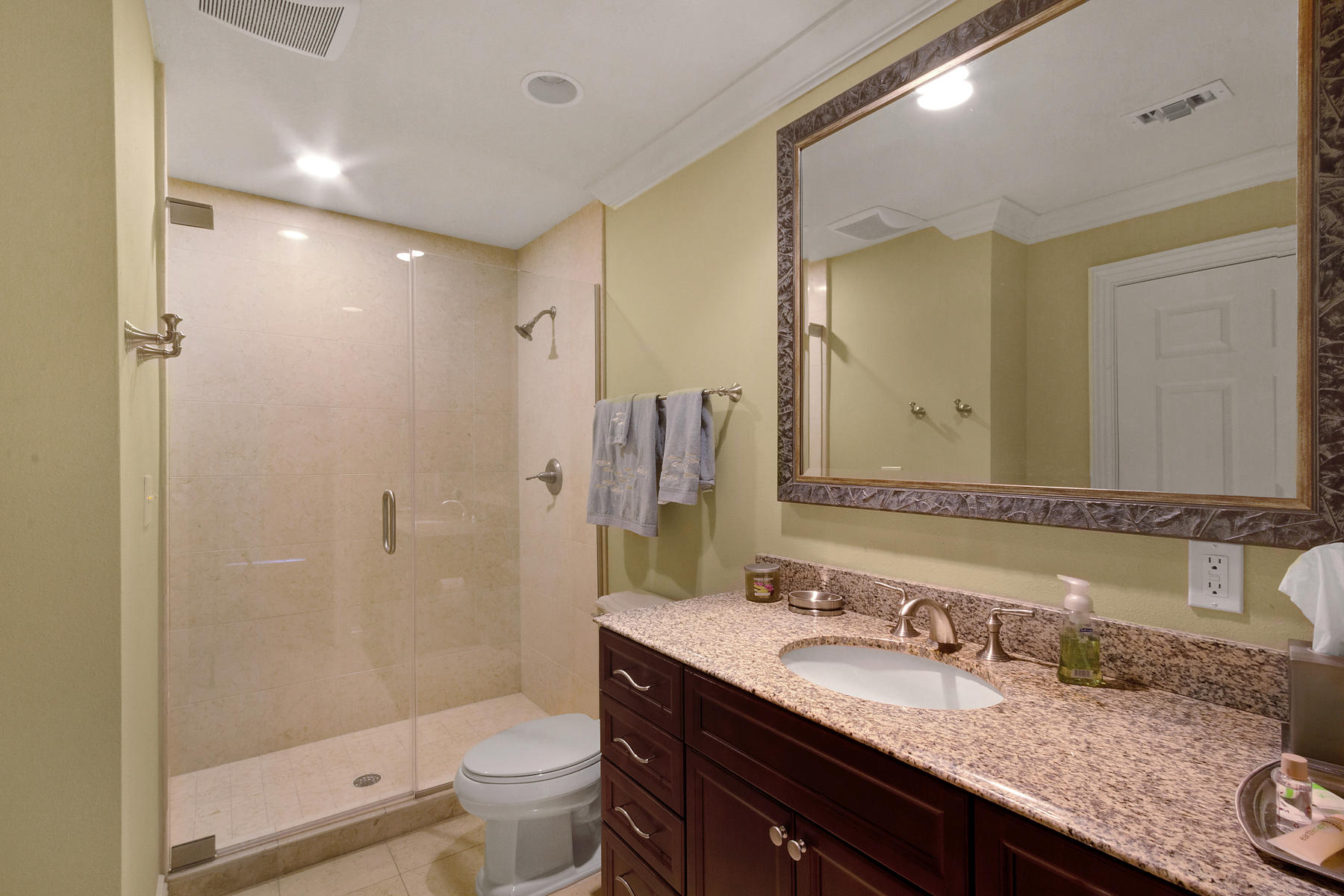 EMERALD GRANDE - Residential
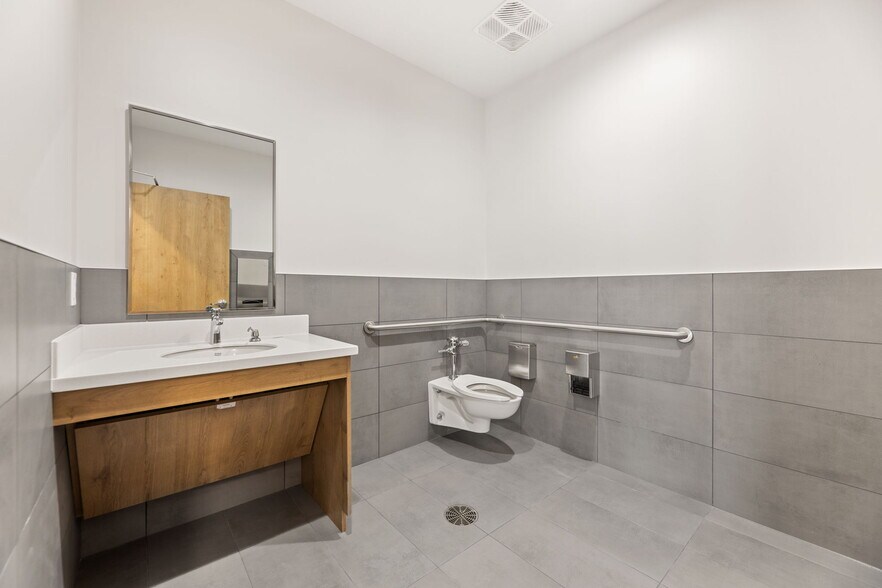 More Photos Of 3301 Enterprise Dr, Rowlett Warehouse For Sale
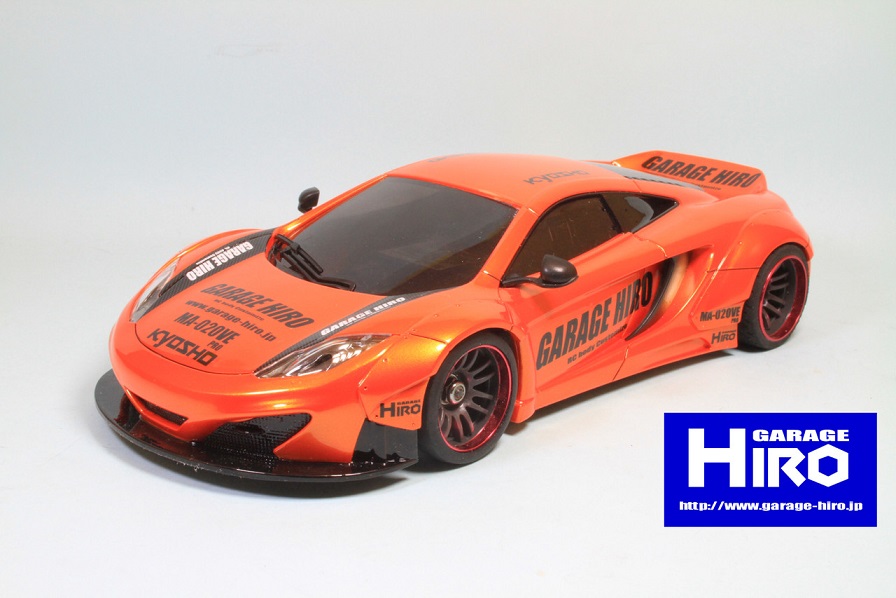 ミニッツ マクラーレンを「モンスター」カラーに塗装！ - リッキーの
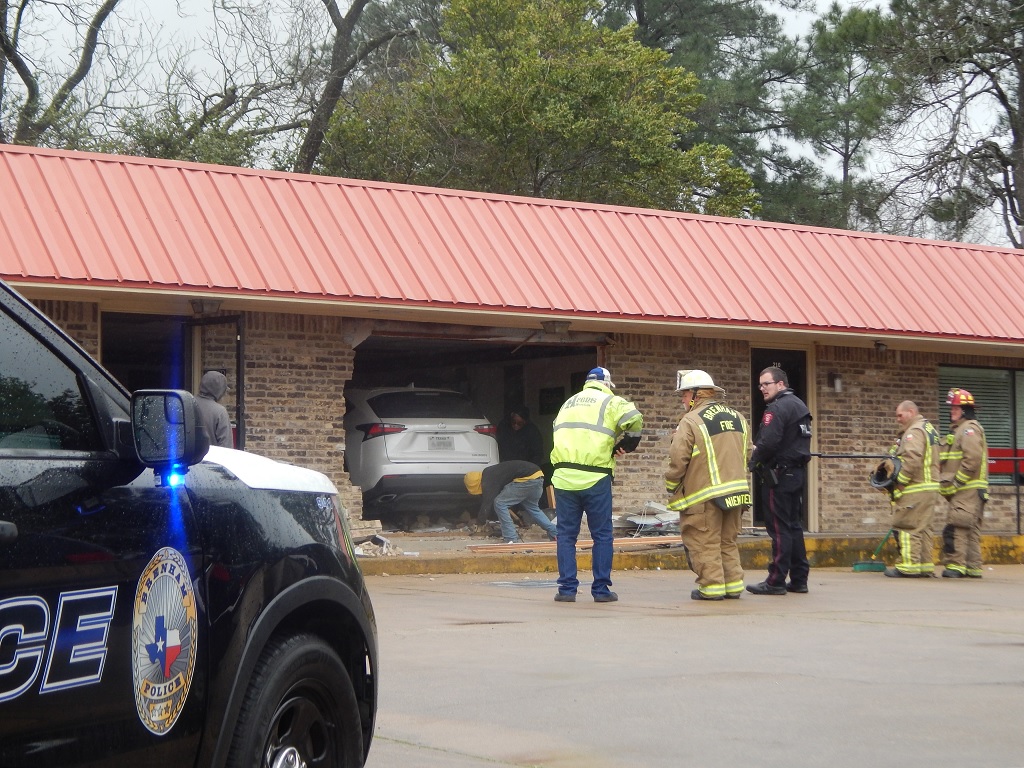 NO MAJOR INJURIES AFTER CAR CRASHES INTO BRENHAM INSURANCE BUILDING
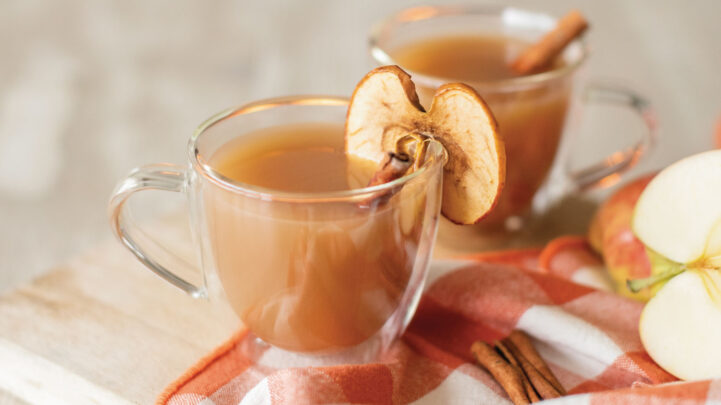 Hot Apple Cider with Maple Syrup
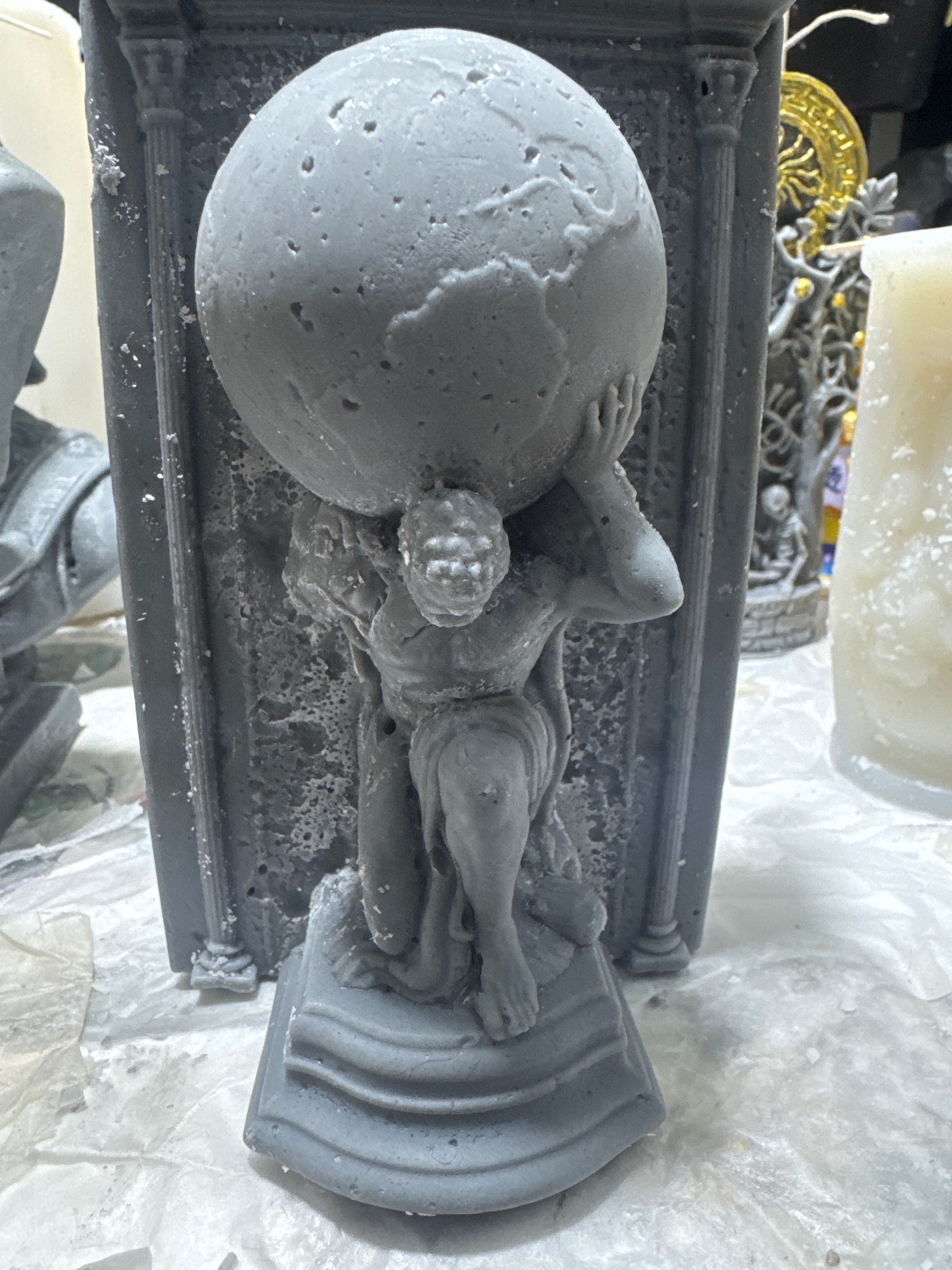 Atlas candle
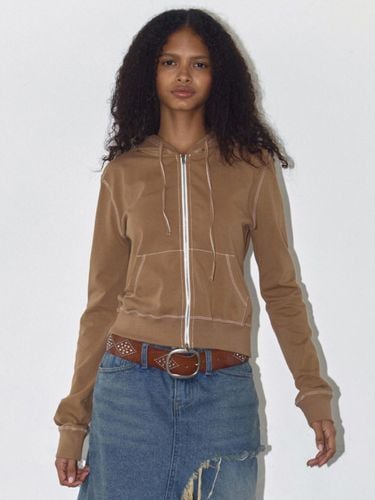 STITCHED POCKET HOODIE, CAMEL - Polysooem - Modalova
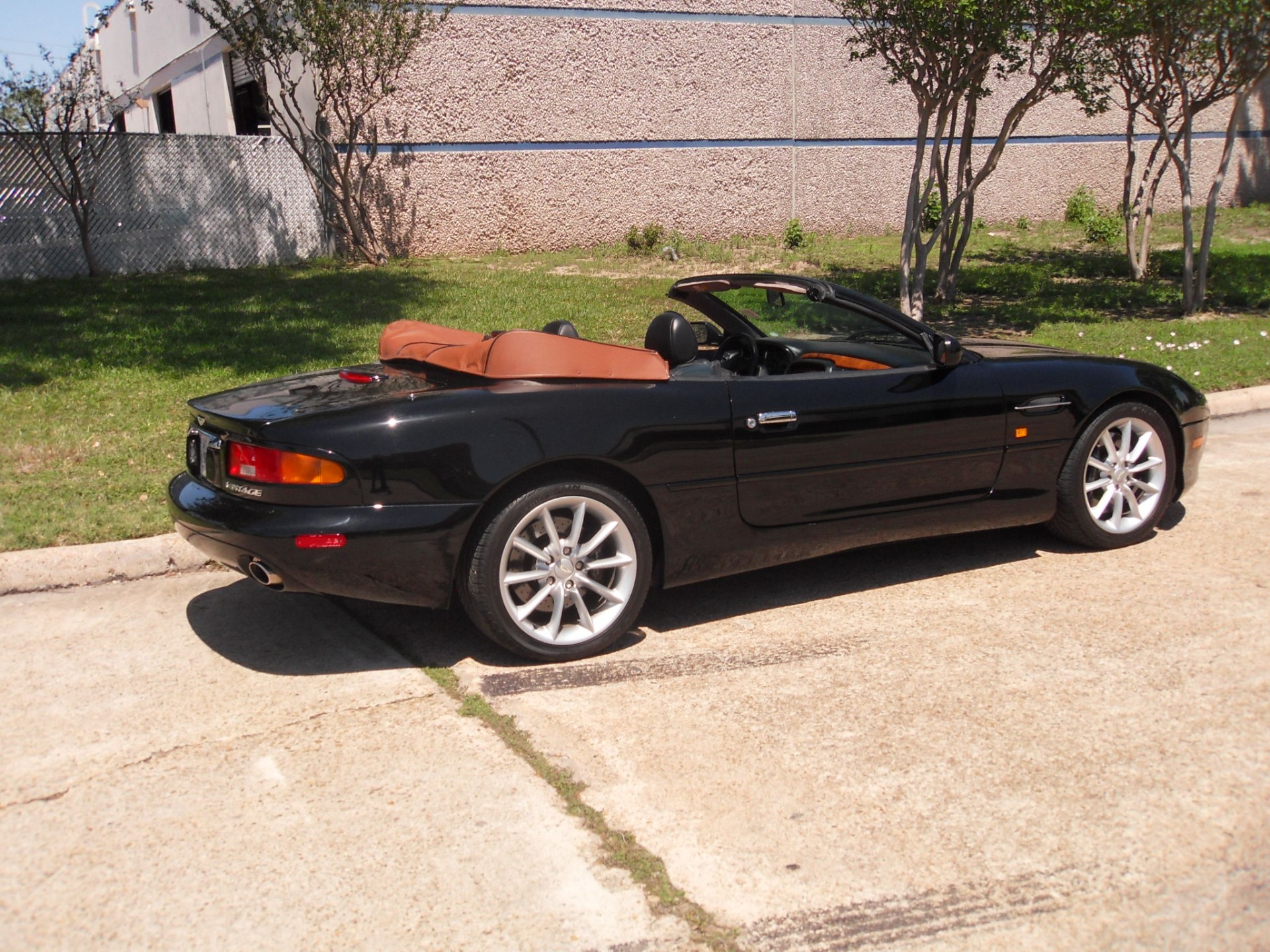2002 Aston Martin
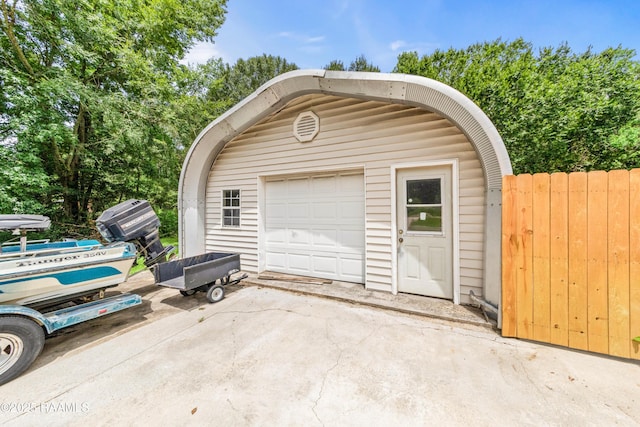 3317 Walnut Dr, Opelousas, LA 70570 - detached garage featuring concrete driveway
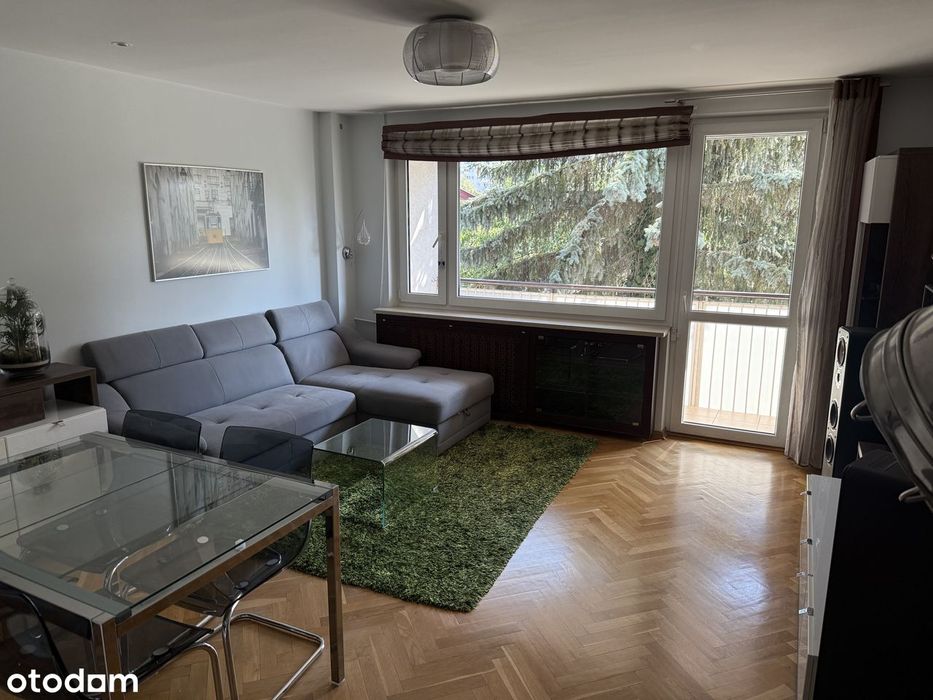 Na sprzedaż: 3-pokojowe mieszkanie na Bielanach – ul. Renesansowa 9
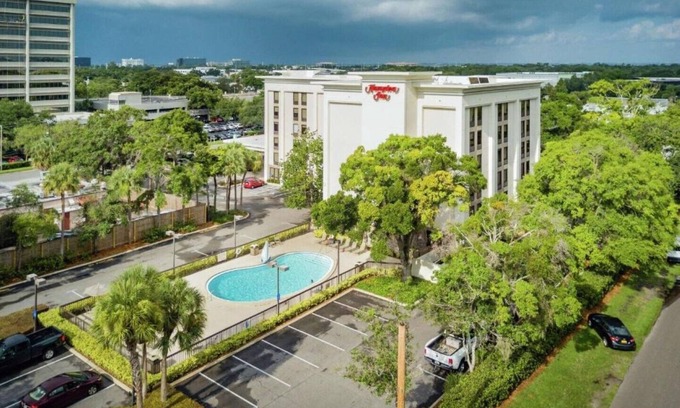 Westshore House | TPA airport hotel with free shuttle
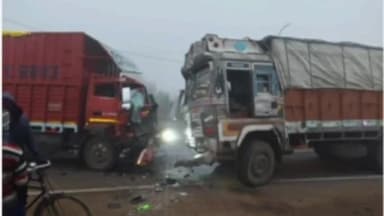 राहतगढ़: राहतगढ़ में खुरई तिराहे पर दो ट्रकों की आमने-सामने भिड़ंत, ड्राइवर गंभीर रूप से घायल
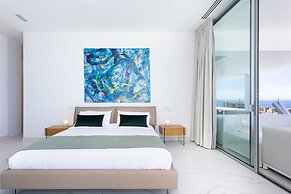 Crystal I Luxury Apartments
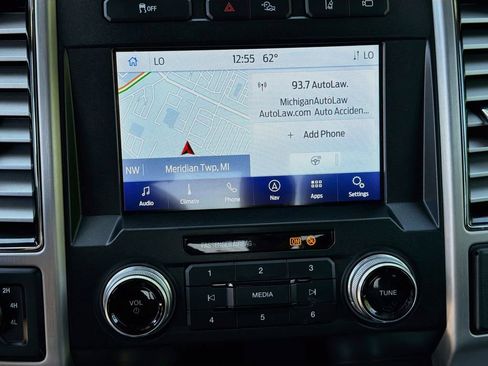 Used 2021 Ford F350 Platinum w/ Tremor Off-Road Package AWD/4WD image 17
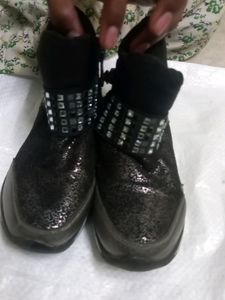 1 Day Offer Only)Saudi Arabia Shoe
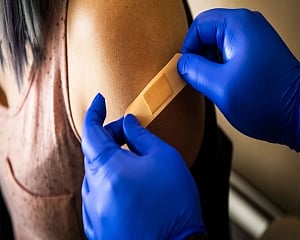 Omicron: Germany announces 4th booster dose, Britain may follow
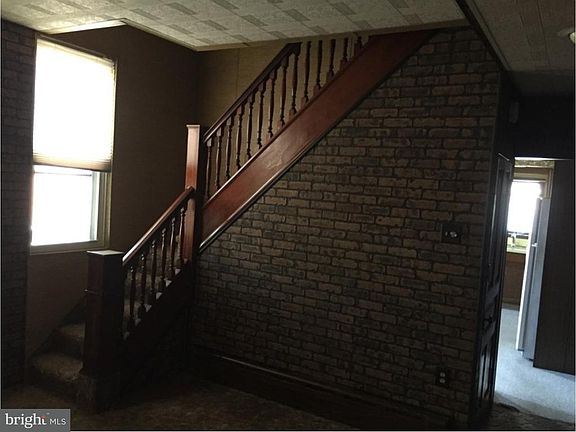 5th image of 314 Sunbury St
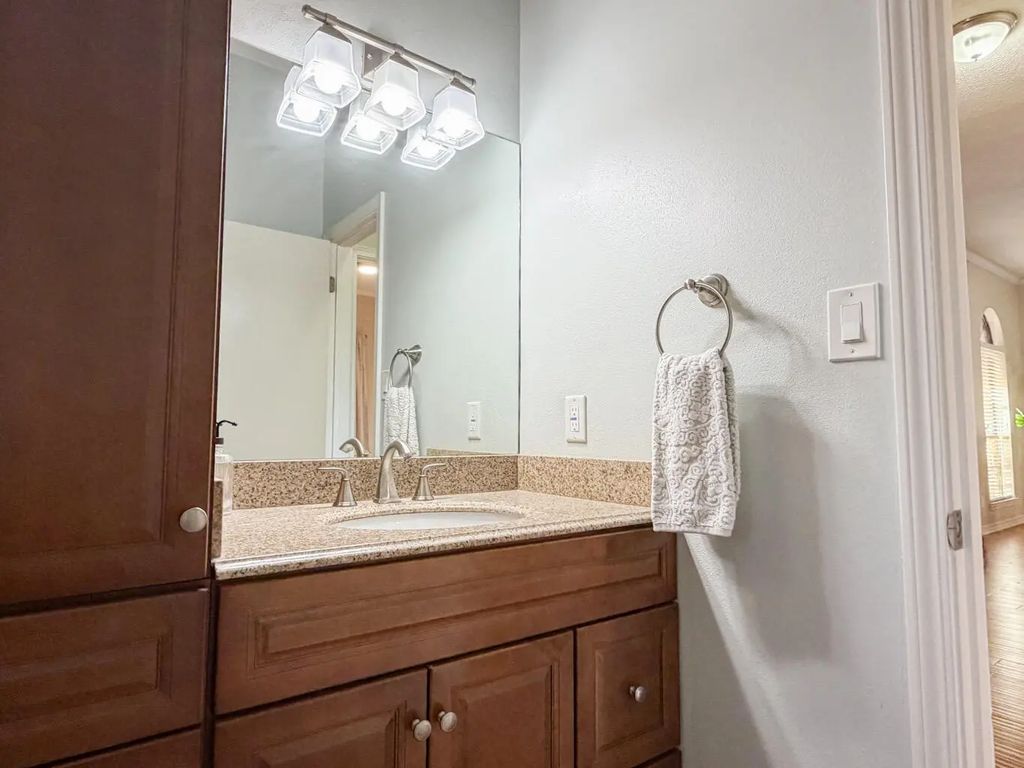 12 of 23 - 322 Cypress Street, Destin, FL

= = =

# WORK REQUIRED
The copy you write out must match the entries word for word, minus their pictures.

# SOLUTION FOR THIS TASK
 EMERALD GRANDE - Residential
 More Photos Of 3301 Enterprise Dr, Rowlett Warehouse For Sale
 ミニッツ マクラーレンを「モンスター」カラーに塗装！ - リッキーの
 NO MAJOR INJURIES AFTER CAR CRASHES INTO BRENHAM INSURANCE BUILDING
 Hot Apple Cider with Maple Syrup
 Atlas candle
 STITCHED POCKET HOODIE, CAMEL - Polysooem - Modalova
2002 Aston Martin
 3317 Walnut Dr, Opelousas, LA 70570 - detached garage featuring concrete driveway
 Na sprzedaż: 3-pokojowe mieszkanie na Bielanach – ul. Renesansowa 9
 Westshore House | TPA airport hotel with free shuttle
 राहतगढ़: राहतगढ़ में खुरई तिराहे पर दो ट्रकों की आमने-सामने भिड़ंत, ड्राइवर गंभीर रूप से घायल
 Crystal I Luxury Apartments
 Used 2021 Ford F350 Platinum w/ Tremor Off-Road Package AWD/4WD image 17
 1 Day Offer Only)Saudi Arabia Shoe
 Omicron: Germany announces 4th booster dose, Britain may follow
 5th image of 314 Sunbury St
 12 of 23 - 322 Cypress Street, Destin, FL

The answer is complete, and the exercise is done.